=== Section Start ===
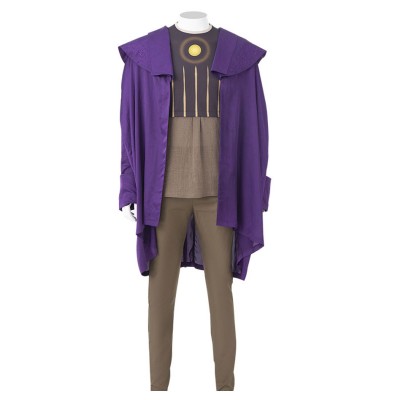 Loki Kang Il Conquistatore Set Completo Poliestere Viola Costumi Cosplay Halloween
=== Section End ===
=== Section Start ===
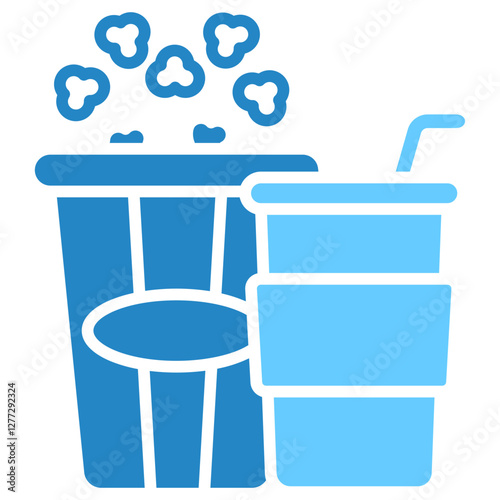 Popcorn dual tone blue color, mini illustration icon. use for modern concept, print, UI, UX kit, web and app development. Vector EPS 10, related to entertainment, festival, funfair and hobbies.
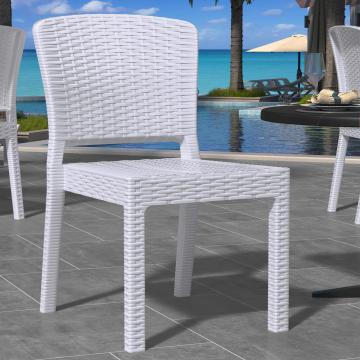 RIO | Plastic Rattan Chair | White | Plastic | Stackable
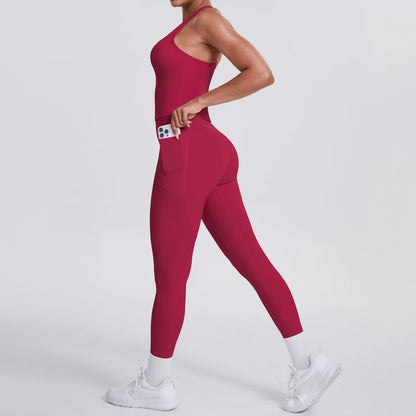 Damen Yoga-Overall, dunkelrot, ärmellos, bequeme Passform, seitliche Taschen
=== Section End ===
#### Aim of the task
Return the material from the line containing "Popcorn dual tone" through the line containing "Damen Yoga-Overall, dunkelrot, ärmellos, bequeme", exactly and in full, but without its pictures.

#### Result of the exercise
 Popcorn dual tone blue color, mini illustration icon. use for modern concept, print, UI, UX kit, web and app development. Vector EPS 10, related to entertainment, festival, funfair and hobbies.
 RIO | Plastic Rattan Chair | White | Plastic | Stackable
 Damen Yoga-Overall, dunkelrot, ärmellos, bequeme Passform, seitliche Taschen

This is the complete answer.